This Surplus-Deficit chart shows the history of surpluses and deficits (positive and negative values) over the past few years. The two colors help show when the deviation was positive and when it was negative. It takes a little bit of Excel magic to get that effect to work properly in an Excel area chart.
I showed how to make this kind of chart in an old tutorial, Area Chart – Invert if Negative. That approach required repeating the data in a new range, inserting a row after every row of data, and doing some interpolation to get the chart data right.
But I was looking over a “visual vocabulary” by my colleague Jon Schwabish of Policy Viz, a rough draft summary of many chart and visualization types and guidelines for building them in Excel. When it’s ready for public consumption, I’ll be sure to post a link.
Jon showed a surplus-deficit area chart, and on inspection, it wasn’t exactly right. He went to my earlier post and fixed it, but in the meantime, I thought of a way to do the calculations in a more compact way, supplementing rather than supplanting the original data.
Surplus-Deficit Column Charts
For this tutorial I will use a simple data set, with monthly surplus-deficit data. I’ve shaded this original data blue, so you can follow it in the long protocol. Note that the data is in an Excel Table, which has lots of magic of its own.
You can make a surplus-deficit chart with any number of chart types. Below is a simple column chart of this data showing surpluses and deficits in a simple data set.
Easy to make, easy to read: surpluses grow upwards from the horizontal axis, deficits downwards. Excel makes it easy to show positive and negative values in different colors in bar and column charts. Format the bars with the main (positive) color, then in the Format Fill part of the Format Series task pane, check the Invert If Negative box, and select the color for the negative values.
Surplus-Deficit Area Charts
The Two-Color Area Chart
In general, I prefer columns for this kind of data rather than areas: it always seems to me that an area chart minimizes the points on either side of an axis crossing, and overemphasizes points in the middle of a positive or negative run.

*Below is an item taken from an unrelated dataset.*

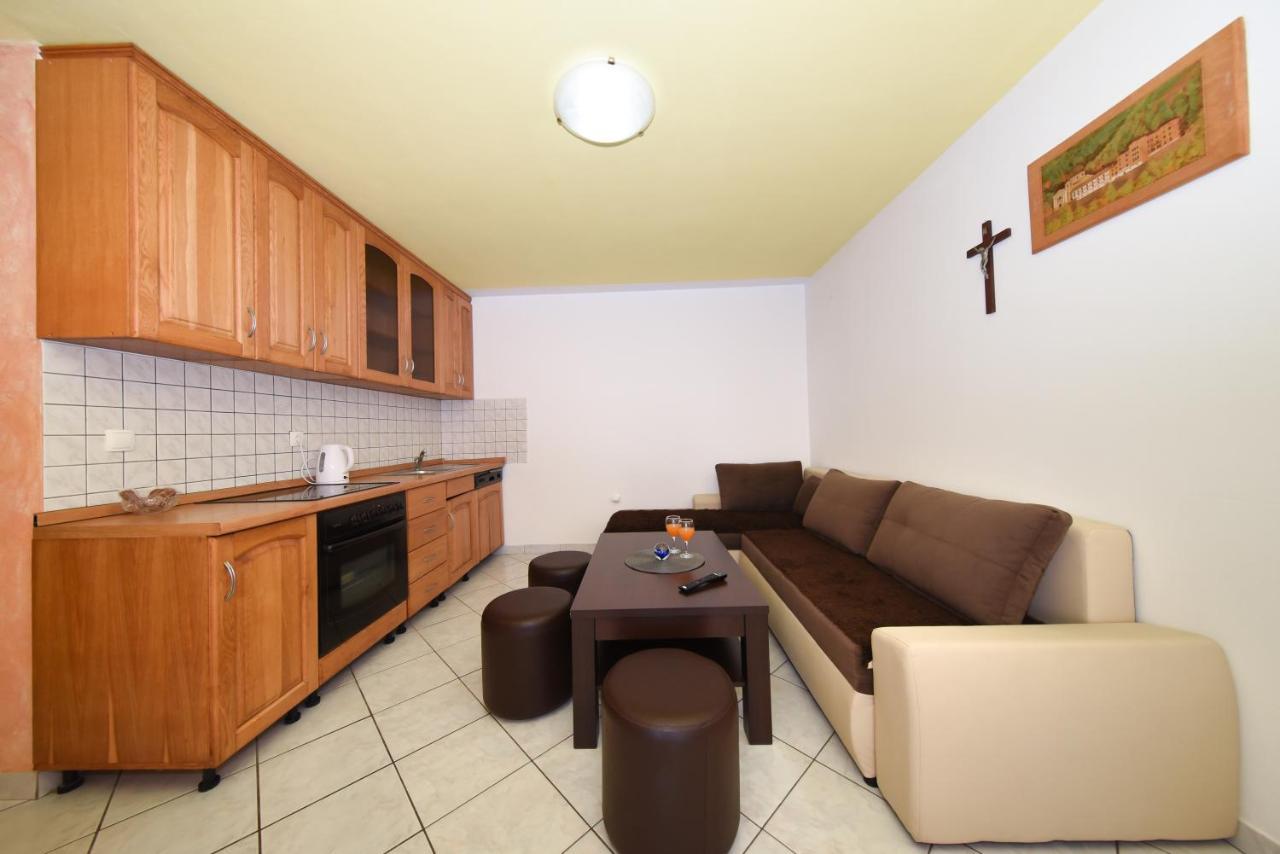 Apartments Krepo Вир Экстерьер фото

But area charts have their place, so let’s make an area chart of the data:
Let’s format the colors like we did for the column chart. Main color, blue, that’s fine. But there’s no Invert If Negative setting. Let’s stop and scratch out chins for a while. What if we have separate Pos and Neg series in the chart? We can always format them with the desired different colors.
Here’s the data with Pos and Neg data columns added. I’ve used these formulas for Pos and Neg respectively:
Pos: =MAX(0,B2)
Neg: =MIN(0,B2)
Here’s the (unstacked) area chart showing Pos and Neg:
It’s not exactly right. The sloped edges of the different colored should meet on the horizontal axis, along the lines shown in the following chart:
Our data isn’t complete enough. We only have points at the vertices of the surplus-deficit data, indicated by the circular markers in this line chart:
That’s fine for a one-series area chart. But in our Pos and Neg data, here are the points we have:
Adjusting the Data
For the areas to line up correctly, we would need data points at the axis crossings between vertices, like this for the one-series line chart:
…or like this for the Pos Neg chart:
This is where we need to interpolate our area chart data. In my old tutorial, I inserted rows to make room for interpolation, like this. The blue is our original data, and the gold shaded rows are the interpolated data. The green shaded row at the top is a placeholder to make sure I have as many interpolated rows as original rows, for when I adjust the data in a minute.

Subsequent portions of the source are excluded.